Entries supplied
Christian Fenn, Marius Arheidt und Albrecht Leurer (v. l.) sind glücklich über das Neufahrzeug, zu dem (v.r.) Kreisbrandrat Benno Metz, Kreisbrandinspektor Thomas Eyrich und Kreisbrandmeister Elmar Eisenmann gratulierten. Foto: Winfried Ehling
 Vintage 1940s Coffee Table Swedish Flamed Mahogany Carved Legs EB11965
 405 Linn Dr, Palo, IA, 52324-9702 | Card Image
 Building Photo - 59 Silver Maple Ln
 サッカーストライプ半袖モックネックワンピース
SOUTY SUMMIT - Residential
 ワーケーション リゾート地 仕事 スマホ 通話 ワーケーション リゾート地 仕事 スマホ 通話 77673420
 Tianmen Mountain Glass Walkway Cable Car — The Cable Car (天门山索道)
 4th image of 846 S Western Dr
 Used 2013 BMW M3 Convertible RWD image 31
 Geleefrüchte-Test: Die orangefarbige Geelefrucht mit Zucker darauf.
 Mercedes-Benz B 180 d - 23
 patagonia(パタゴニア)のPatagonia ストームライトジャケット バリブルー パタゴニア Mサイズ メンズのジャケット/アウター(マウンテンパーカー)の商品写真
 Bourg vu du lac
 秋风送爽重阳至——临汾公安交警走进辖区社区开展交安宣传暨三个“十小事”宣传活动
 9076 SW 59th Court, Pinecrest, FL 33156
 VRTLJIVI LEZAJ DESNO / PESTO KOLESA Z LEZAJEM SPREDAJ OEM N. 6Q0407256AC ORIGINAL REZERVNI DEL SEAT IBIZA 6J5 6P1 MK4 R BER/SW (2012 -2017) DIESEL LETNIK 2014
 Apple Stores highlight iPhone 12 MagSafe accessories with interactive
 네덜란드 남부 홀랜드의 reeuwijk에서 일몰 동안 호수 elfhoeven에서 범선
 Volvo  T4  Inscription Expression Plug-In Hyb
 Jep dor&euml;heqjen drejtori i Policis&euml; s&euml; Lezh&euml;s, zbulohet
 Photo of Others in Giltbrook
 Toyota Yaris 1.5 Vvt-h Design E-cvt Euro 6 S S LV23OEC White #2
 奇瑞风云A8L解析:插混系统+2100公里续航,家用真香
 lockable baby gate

Exercise
Write the material above out in full, exactly as it reads.

Result for this exercise
Christian Fenn, Marius Arheidt und Albrecht Leurer (v. l.) sind glücklich über das Neufahrzeug, zu dem (v.r.) Kreisbrandrat Benno Metz, Kreisbrandinspektor Thomas Eyrich und Kreisbrandmeister Elmar Eisenmann gratulierten. Foto: Winfried Ehling
 Vintage 1940s Coffee Table Swedish Flamed Mahogany Carved Legs EB11965
 405 Linn Dr, Palo, IA, 52324-9702 | Card Image
 Building Photo - 59 Silver Maple Ln
 サッカーストライプ半袖モックネックワンピース
SOUTY SUMMIT - Residential
 ワーケーション リゾート地 仕事 スマホ 通話 ワーケーション リゾート地 仕事 スマホ 通話 77673420
 Tianmen Mountain Glass Walkway Cable Car — The Cable Car (天门山索道)
 4th image of 846 S Western Dr
 Used 2013 BMW M3 Convertible RWD image 31
 Geleefrüchte-Test: Die orangefarbige Geelefrucht mit Zucker darauf.
 Mercedes-Benz B 180 d - 23
 patagonia(パタゴニア)のPatagonia ストームライトジャケット バリブルー パタゴニア Mサイズ メンズのジャケット/アウター(マウンテンパーカー)の商品写真
 Bourg vu du lac
 秋风送爽重阳至——临汾公安交警走进辖区社区开展交安宣传暨三个“十小事”宣传活动
 9076 SW 59th Court, Pinecrest, FL 33156
 VRTLJIVI LEZAJ DESNO / PESTO KOLESA Z LEZAJEM SPREDAJ OEM N. 6Q0407256AC ORIGINAL REZERVNI DEL SEAT IBIZA 6J5 6P1 MK4 R BER/SW (2012 -2017) DIESEL LETNIK 2014
 Apple Stores highlight iPhone 12 MagSafe accessories with interactive
 네덜란드 남부 홀랜드의 reeuwijk에서 일몰 동안 호수 elfhoeven에서 범선
 Volvo  T4  Inscription Expression Plug-In Hyb
 Jep dor&euml;heqjen drejtori i Policis&euml; s&euml; Lezh&euml;s, zbulohet
 Photo of Others in Giltbrook
 Toyota Yaris 1.5 Vvt-h Design E-cvt Euro 6 S S LV23OEC White #2
 奇瑞风云A8L解析:插混系统+2100公里续航,家用真香
 lockable baby gate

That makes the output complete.